Meryl Streep is back, too, and she might be the most durable franchise of all. She’s had summer hits going back to The Devil Wears Prada in 2006 and Julie and Julia in 2009. (Even 2012’s Hope Springs made $114 million worldwide.) On August 7, she’ll star in Ricki and the Flash, directed by Jonathan Demme and written by Diablo Cody, who sees this season’s slate of female-starring movies more as an anomaly than indicative of real change in the industry. “We all know summer movies are meant to drive sales of toys and Happy Meals, and I don’t think we’re planning a Ricki action figure,” she told Vulture, adding, “The synergy between movies and brands is only going to get crazier, and it’s always safer to make a ‘boy movie’ when you’re trying to make a billion bucks.”
She has a point. We aren’t looking at toy shelves stocked with singing Streep and Kendrick dolls. Most of these films will live and die by box office alone. Whatever becomes of Amy Schumer’s Trainwreck (directed by Judd Apatow, his first feature with a female lead) on July 17 will make aftershocks not just for Schumer but other female-fronted comedies. And while it’s certainly notable for Disney to make the protagonist of its mystery sci-fi film Tomorrowland a teen girl (Britt Robertson, not actually a teen), how likely is it, if the film bombs, that the studio will blame not co-star George Clooney nor director Brad Bird but the lead character’s gender?
So perhaps we should enter the summer with a bit of trepidation. “If a female-starring movie underperforms, everyone in Hollywood will be wary of women for a while [and say], ‘The movie obviously didn’t work because there were women in it, duh,’” says Cody. “Then a Bridesmaids-type phenomenon will happen, and every studio will put a copycat film in development and act like they were on the lady train all along.”

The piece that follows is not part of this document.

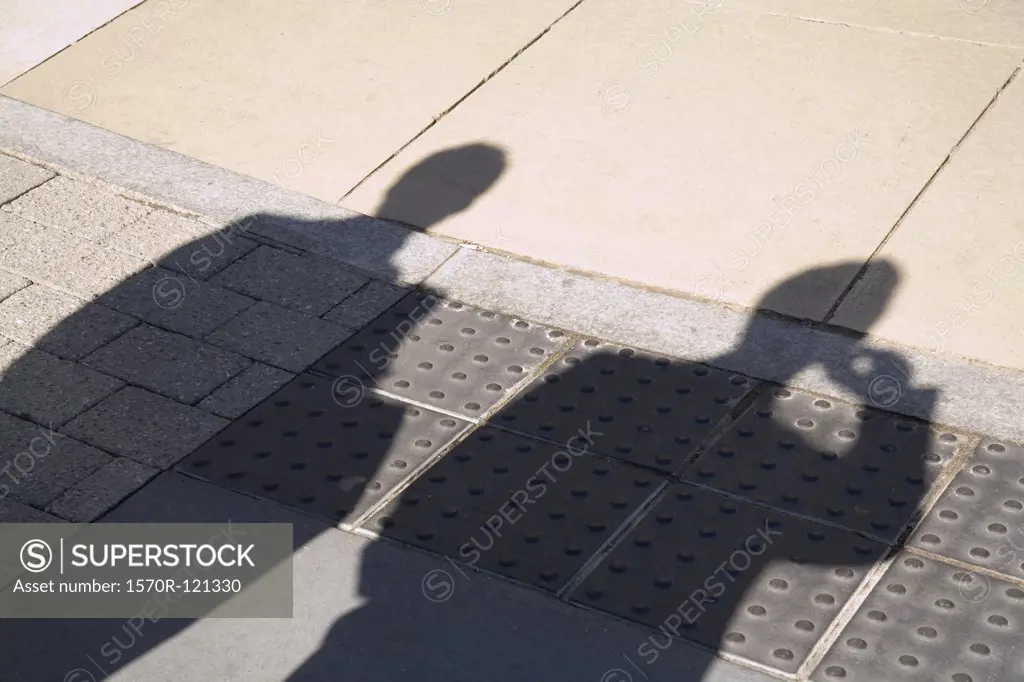 Shadow of two businessmen on the pavement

With the official start of the summer season beginning May 1, everyone will look to hits or misses as harbingers of what’s to come. This reminds me of the trailer for Tomorrowland, in which Robertson is chosen for a dangerous mission to save the world. She asks, “Of all people, why me?” To which Hugh Laurie’s villain responds, “He thinks you can fix the future.” No pressure.